On Fri, Aug 28, 2020 at 01:03:30AM +0000, Damien Le Moal wrote:
> On 2020/08/28 0:35, Keith Busch wrote:
> > The kernel requires a power of two for boundaries because that's the
> > only way it can efficiently split commands that cross them. A
> > controller, however, may report a non-power of two boundary.
> 
> I can understand that using a power of 2 limit for splitting can be more
> efficient CPU-wise, but I do not think the kernel "requires" such a limit
> alignment for splitting BIOs. BLK_SAFE_MAX_SECTORS is 255 after all. What I am
> missing here ?

Ah, those two limits are a bit different. The max sectors just checks
length, but chunk_sectors needs to consider length and offset, so
checking if an IO crosses the boundary requires division. For CPU
efficiency, power of 2 alignment is enforced through a BUG_ON() in
blk_queue_chunk_sectors().
 
> > -	if (iob && !blk_queue_is_zoned(ns->queue))
> > -		blk_queue_chunk_sectors(ns->queue, rounddown_pow_of_two(iob));
> > +	if (is_power_of_2(iob) && !blk_queue_is_zoned(ns->queue))
> > +		blk_queue_chunk_sectors(ns->queue, iob);
> > +	else if (iob && !(disk->flags & GENHD_FL_UP))
> > +		dev_warn(ctrl->device, "namespace:%u has unused io boundary:%u\n",
> > +			ns->head->ns_id, iob);
> 
> Isn't this going to generate a warning all the time for a ZNS drive ?

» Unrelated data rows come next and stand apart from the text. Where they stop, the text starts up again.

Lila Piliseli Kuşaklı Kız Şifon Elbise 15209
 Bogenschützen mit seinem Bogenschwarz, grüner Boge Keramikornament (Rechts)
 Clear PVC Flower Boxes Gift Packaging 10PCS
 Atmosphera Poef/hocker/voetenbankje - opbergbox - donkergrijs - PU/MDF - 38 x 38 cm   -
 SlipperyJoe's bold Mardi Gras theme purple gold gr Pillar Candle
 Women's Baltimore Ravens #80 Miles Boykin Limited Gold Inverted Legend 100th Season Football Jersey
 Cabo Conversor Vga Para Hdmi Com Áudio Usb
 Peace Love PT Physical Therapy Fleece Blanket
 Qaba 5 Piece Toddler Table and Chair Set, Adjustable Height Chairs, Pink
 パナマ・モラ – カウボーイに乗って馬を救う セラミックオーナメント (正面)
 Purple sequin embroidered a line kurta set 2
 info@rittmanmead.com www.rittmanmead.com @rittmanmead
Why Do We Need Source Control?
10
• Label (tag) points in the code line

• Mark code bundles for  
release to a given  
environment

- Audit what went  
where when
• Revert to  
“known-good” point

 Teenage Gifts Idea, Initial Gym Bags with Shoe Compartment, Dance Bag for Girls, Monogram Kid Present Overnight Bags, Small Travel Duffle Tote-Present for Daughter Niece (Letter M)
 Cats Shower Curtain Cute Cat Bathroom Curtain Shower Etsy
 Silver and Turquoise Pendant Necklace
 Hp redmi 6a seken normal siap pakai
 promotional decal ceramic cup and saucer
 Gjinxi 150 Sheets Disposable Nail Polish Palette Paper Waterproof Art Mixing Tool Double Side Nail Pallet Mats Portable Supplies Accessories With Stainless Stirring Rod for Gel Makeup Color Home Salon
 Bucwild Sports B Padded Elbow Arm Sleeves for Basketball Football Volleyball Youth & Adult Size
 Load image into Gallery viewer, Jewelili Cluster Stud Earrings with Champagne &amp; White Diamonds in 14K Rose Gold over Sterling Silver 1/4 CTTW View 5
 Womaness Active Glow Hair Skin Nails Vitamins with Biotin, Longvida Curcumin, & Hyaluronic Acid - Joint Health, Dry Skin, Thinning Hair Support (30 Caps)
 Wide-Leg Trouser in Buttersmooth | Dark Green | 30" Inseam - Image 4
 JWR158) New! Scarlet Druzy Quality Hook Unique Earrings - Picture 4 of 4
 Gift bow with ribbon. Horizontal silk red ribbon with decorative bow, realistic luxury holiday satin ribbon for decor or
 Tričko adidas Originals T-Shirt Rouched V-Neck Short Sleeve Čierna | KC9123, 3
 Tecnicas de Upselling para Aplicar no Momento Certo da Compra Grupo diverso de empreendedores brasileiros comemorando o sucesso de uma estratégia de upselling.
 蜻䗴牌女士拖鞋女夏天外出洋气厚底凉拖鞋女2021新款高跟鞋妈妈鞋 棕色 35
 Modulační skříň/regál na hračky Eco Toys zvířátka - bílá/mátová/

Yes, if a ZNS drive reports NOIOB, this will warn on it's initial
discovery.

As long as zone sizes reuse the queue's chunk_sectors, the zone size
needs to take precedence since it's more than just a hint compared to
NOIOB. If people complain about the warning, that may indicate we ought
to find a way to get around overloading the chunk_sectors queue limit,
but I suspect ZNS drives won't report an iob value.